*** Opening SOURCE DATA ***
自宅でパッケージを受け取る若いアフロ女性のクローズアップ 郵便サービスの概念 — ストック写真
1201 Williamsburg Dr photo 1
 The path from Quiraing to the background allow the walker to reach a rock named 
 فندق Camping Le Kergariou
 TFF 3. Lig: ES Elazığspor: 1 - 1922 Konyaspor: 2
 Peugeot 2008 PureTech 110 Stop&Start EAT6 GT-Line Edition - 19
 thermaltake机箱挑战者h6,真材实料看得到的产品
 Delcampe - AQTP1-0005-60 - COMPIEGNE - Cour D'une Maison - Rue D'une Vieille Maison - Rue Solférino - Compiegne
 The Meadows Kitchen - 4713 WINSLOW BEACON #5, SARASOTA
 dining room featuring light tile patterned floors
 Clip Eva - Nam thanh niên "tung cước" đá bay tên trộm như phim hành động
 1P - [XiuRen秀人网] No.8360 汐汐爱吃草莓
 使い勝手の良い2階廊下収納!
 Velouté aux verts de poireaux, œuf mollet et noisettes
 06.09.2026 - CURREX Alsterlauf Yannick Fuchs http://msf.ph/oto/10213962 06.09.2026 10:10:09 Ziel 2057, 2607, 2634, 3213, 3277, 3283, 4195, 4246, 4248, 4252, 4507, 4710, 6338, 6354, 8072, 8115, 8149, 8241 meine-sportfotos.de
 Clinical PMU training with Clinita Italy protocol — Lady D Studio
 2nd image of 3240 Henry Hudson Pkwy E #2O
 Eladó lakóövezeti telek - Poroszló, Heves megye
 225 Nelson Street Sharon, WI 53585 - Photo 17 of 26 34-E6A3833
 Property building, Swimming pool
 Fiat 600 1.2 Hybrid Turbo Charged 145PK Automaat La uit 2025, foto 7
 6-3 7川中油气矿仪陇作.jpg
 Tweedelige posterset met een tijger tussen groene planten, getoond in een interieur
*** Closing SOURCE DATA ***
- YOUR OBJECTIVE -
The full listing above needs to be output exactly.

- REPLY TO THE TASK -
自宅でパッケージを受け取る若いアフロ女性のクローズアップ 郵便サービスの概念 — ストック写真
1201 Williamsburg Dr photo 1
 The path from Quiraing to the background allow the walker to reach a rock named 
 فندق Camping Le Kergariou
 TFF 3. Lig: ES Elazığspor: 1 - 1922 Konyaspor: 2
 Peugeot 2008 PureTech 110 Stop&Start EAT6 GT-Line Edition - 19
 thermaltake机箱挑战者h6,真材实料看得到的产品
 Delcampe - AQTP1-0005-60 - COMPIEGNE - Cour D'une Maison - Rue D'une Vieille Maison - Rue Solférino - Compiegne
 The Meadows Kitchen - 4713 WINSLOW BEACON #5, SARASOTA
 dining room featuring light tile patterned floors
 Clip Eva - Nam thanh niên "tung cước" đá bay tên trộm như phim hành động
 1P - [XiuRen秀人网] No.8360 汐汐爱吃草莓
 使い勝手の良い2階廊下収納!
 Velouté aux verts de poireaux, œuf mollet et noisettes
 06.09.2026 - CURREX Alsterlauf Yannick Fuchs http://msf.ph/oto/10213962 06.09.2026 10:10:09 Ziel 2057, 2607, 2634, 3213, 3277, 3283, 4195, 4246, 4248, 4252, 4507, 4710, 6338, 6354, 8072, 8115, 8149, 8241 meine-sportfotos.de
 Clinical PMU training with Clinita Italy protocol — Lady D Studio
 2nd image of 3240 Henry Hudson Pkwy E #2O
 Eladó lakóövezeti telek - Poroszló, Heves megye
 225 Nelson Street Sharon, WI 53585 - Photo 17 of 26 34-E6A3833
 Property building, Swimming pool
 Fiat 600 1.2 Hybrid Turbo Charged 145PK Automaat La uit 2025, foto 7
 6-3 7川中油气矿仪陇作.jpg
 Tweedelige posterset met een tijger tussen groene planten, getoond in een interieur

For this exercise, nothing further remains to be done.